> _Exercise requirements_
Transcribe all the data below exactly, leaving its pictures out.

> _Data_
=== Section Start ===

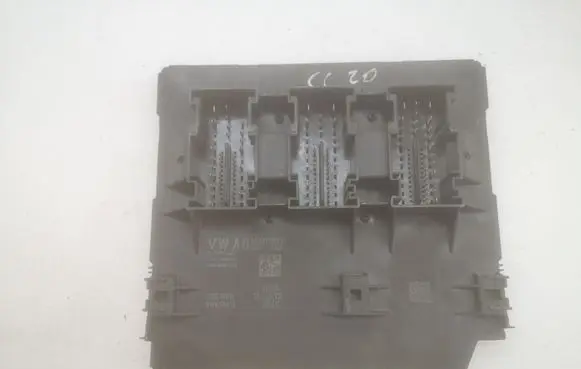 Volkswagen PASSAT CC Comfort/convenience module 3AA937087J 5WK50450 BCMPQ47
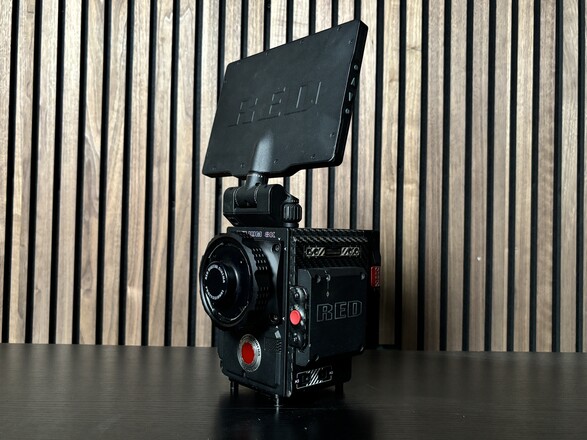 RED DSMC2 Epic-W Helium 8K S35 Package For Sale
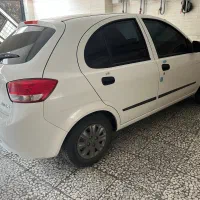 تیبا ۲ مدل ۱۴۰۰ کم کار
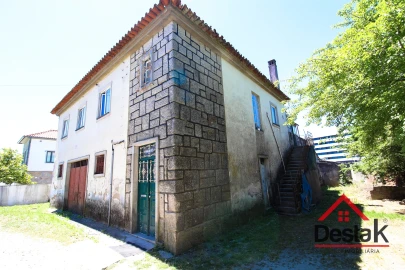 Moradia T4 para Venda em Viseu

=== Section End ===

> _Response area_
 Volkswagen PASSAT CC Comfort/convenience module 3AA937087J 5WK50450 BCMPQ47
 RED DSMC2 Epic-W Helium 8K S35 Package For Sale
 تیبا ۲ مدل ۱۴۰۰ کم کار
 Moradia T4 para Venda em Viseu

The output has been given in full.